Le rôle de Richard de Grandmaison

Extrait de l’Altruisme autoritaire

Entrée des témoins. Ils sont quarante. Dès le premier regard, j’aperçois celui que j’attendais.

Sans l’attendre. Je l’espérais. Avec doute. Aurait-il l’effronté culot de se présenter à l’audience ? Tellement invraisemblable.

Cinquante ans. L’air très jeune. Rasé. Gouaille fripée. Le dentier supérieur proéminent. Phraseur. Mi-souriant. Mi-crispé. Une mèche brune cachant une demi-calvitie. Très dégagé. En apparence, Maître de lui. Mais inquiet. Je le connais bien.

Il va droit à la juive qui s’étrangle toujours sur ses papiers. Et sous mon nez, bigrement intéressé, discute sérieusement de la campagne de presse à mener contre moi. Cinq minutes de chuchotements complices : « Chère amie !…— D’accord, mon vieux ! ». Je perçois quelques appréciations ahurissantes. Ma joie est infinie. J’en voudrais au ciel lui-même de ne pas avoir vécu ce moment précieux.

Qui est-il ce témoin à charge si important qui commande aux journaux, bouscule les gardes, parade dans le prétoire, s’installe au banc des avocats, serre la main du greffier, se carre à grand fracas au premier rang du public, me désigne du doigt ou du menton, susurre, insinue, fait la moue, ajoute aux propos de tous, apparaît comme l’organisateur d’une cabale indignée et véhémente ?

Qui est-il?

Je le connais mieux que personne. C’est X de X, agent secret international. Officier (dit-il) du 2ème bureau, autrefois au service des Japonais, puis des Américains, dès 1940 se disant fasciste, le premier entré en contact avec les SS, intime de la comtesse Sekendorff (agent spécial d’Hitler à Paris), gros manitou au SD de l’avenue Foch et du Bd Flandrin, principal collaborateur du Dr Borjo et du colonel SS Knocken, chargé par les Allemands des plus grandes enquêtes, politiques, policières, militaires. Dans la presse, rédacteur en chef de « Au Pilori » dès 1940, puis coadjuteur de Bunau Varilla au « Matin » jusqu’en avril 44.

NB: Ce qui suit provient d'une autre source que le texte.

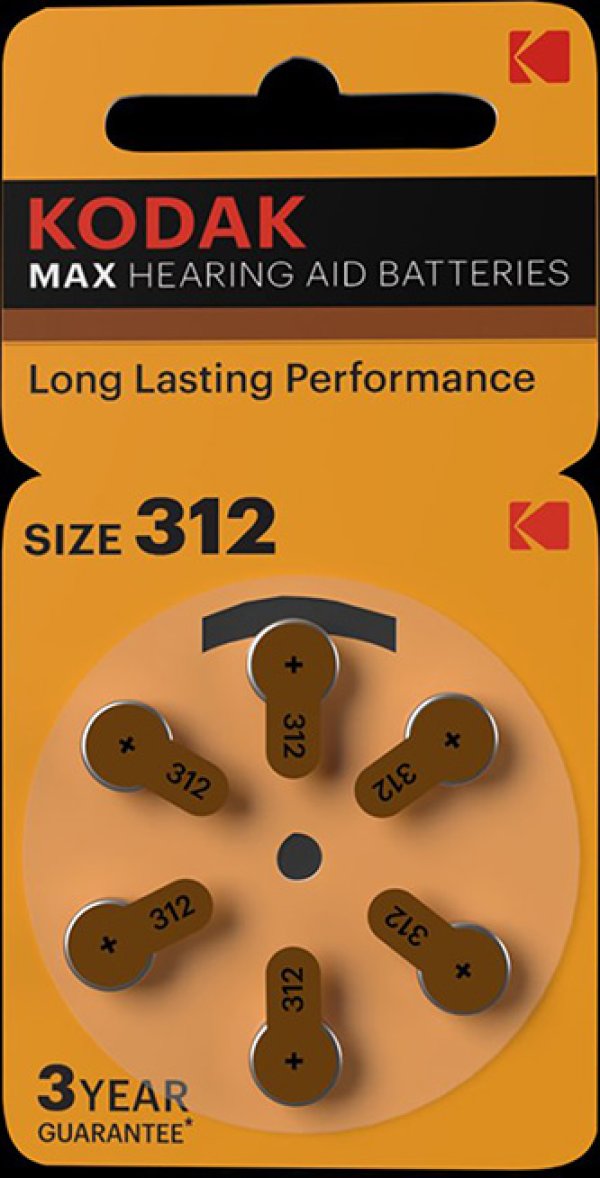Baterie jednorázová zinkovzdušná, speciální, P312, 1.45V, Kodak, blistr, 6-pack, KOD-P312BL6, zinkovzdušná?v=1755898805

En ce qui concerne le travail secret français, mon chef, et mon parrain… au SD de l’avenue Foch où il m’avait placé lui-même d’ordre du 2ème Bureau, pour exécuter les basses consignes, tandis qu’il opérait dans les étages supérieurs.

Dès avril 44, sans m’en prévenir, il passe au maquis. Grand Résistant, FTP, aujourd’hui : attaché à la Sûreté Nationale, Officier de l’ORA. Inculpé de « collaboration », il bénéficie d’un classement immédiat. Témoin à charge contre moi qui n’ai fait que suivre scrupuleusement ses ordres.

C’est ainsi.

L’histoire vaut la peine d’être contée.

Octobre 39 : Dans les bureaux de ma petite société cinématographique, le personnage – qui m’a été envoyé par un confrère – m’explique le but de sa visite : un scénario antinazi. Il est – dit-il – agent du 2ème Bureau. Il a engagé depuis toujours la plus farouche des guerres secrètes contre l’Allemagne. Collaborateur de Xavier de Hauteclocque, dont il me raconte le décès suspect dans un wagon-lit de l’Orient-Express, X de X, volubile, dévide de succulentes histoires sur les dessous de l’espionnage français. Il se prétend, avec aplomb, le héros d’étonnantes aventures…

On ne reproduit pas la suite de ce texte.